プルーフポイント、ランサムウェアとフィッシング攻撃の傾向を明らかにした年次レポート「2021 State of the Phish」日本語版を発表
リモートワーク用にカスタマイズされたセキュリティ意識向上トレーニングの必要性が明確に
2021年4月6日、サイバーセキュリティとコンプライアンス分野のリーディング カンパニーである日本プルーフポイント株式会社 (本社:東京都港区、代表取締役社長:茂木正之、以下プルーフポイント)は本日、年次レポートの最新版「2021 State of the Phish(フィッシング脅威の全容)」(https://www.proofpoint.com/jp/resources/threat-reports/state-of-phish)の日本語版を発表しました。本レポートは、企業のフィッシング体験を調査し、ユーザーの意識、脆弱性、及びレジリエンス(回復力)について詳細に分析したものです。調査対象となった情報セキュリティプロフェッショナルの75%以上が、広範囲にわたるフィッシング攻撃(成功・失敗含む)に直面していると回答しています。また、ランサムウェア感染の影響は、第三者によるグローバル調査の回答者の66%に達しました。
概要
今回の「2021 State of the Phish」レポートは、主要7カ国(日本、アメリカ、オーストラリア、フランス、ドイツ、スペイン、イギリス)における情報セキュリティプロフェッショナル600人(日本とオーストラリア:各50人、その他5カ国:各100人)を対象としたグローバルな第三者調査、および同7カ国の成人労働者3,500人(各国500人)を対象とした第三者調査結果をハイライトしています。また、プルーフポイントの顧客企業・組織が従業員に送信した6,000万件以上の模擬フィッシング攻撃のデータと、ユーザーが操作するフィッシュアラーム(PhishAlarm reporting button)(https://www.proofpoint.com/jp/products/phishalarm-email-reporting-analysis)から報告された約1,500万通の電子メールのデータを分析しています。
主な調査結果
本レポートにおいて、サイバーセキュリティ保護と意識向上トレーニングには、コロナ禍で組織がおかれた状況の変化に対応する、「人」を中心にセキュリティを構築するPeople-Centricアプローチの必要性が明確に出ています。
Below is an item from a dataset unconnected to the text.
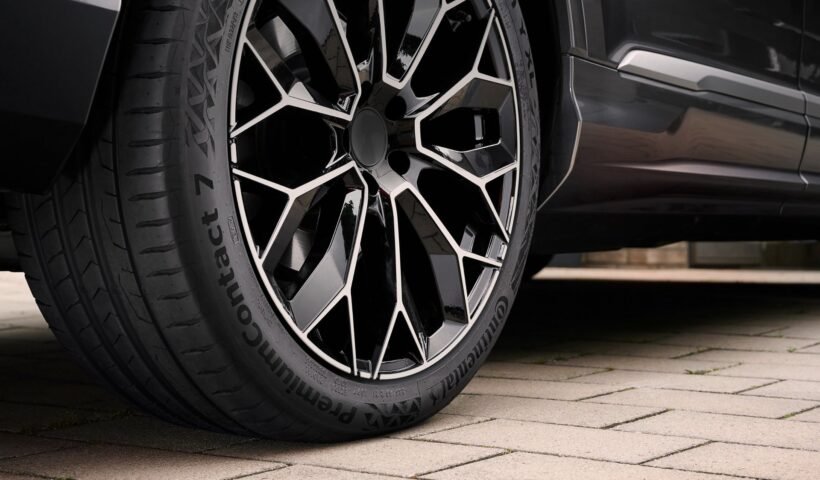 Continental PremiumContact 7 lastiğinin bir SUV'un tekerleğine takılı hâli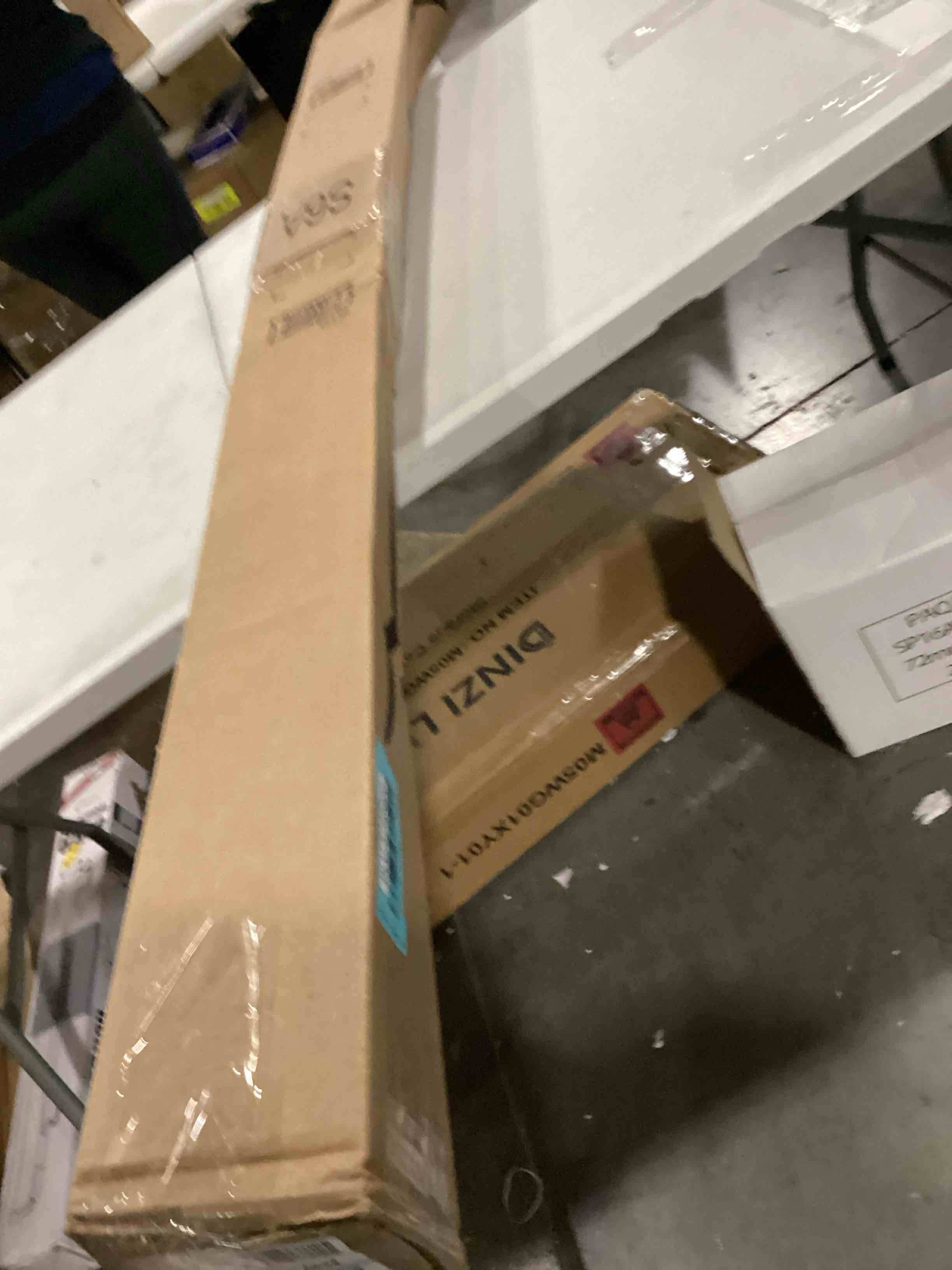 https://s3.amazonaws.com/lotting-images-prod/bidfta/BLU5788860_1709554990549.jpeg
調査結果では「アメリカでは、情報セキュリティ調査の回答者の90%が昨年から在宅勤務に移行しているが、安全なリモートワークに関するトレーニングを行ったと回答したのは29%」「日本の組織の84%が、2020年に大半のユーザーに在宅勤務を要求しているが、リモートワークのベストプラクティスについて従業員にトレーニングを行っているのは22%」など、カスタマイズされたトレーニングが不足していることが明らかとなっています。本レポートでは、実用的なアドバイスやフィッシングの脅威の状況を詳細に分析し、リスクを軽減するためのアドバイスを提供しています。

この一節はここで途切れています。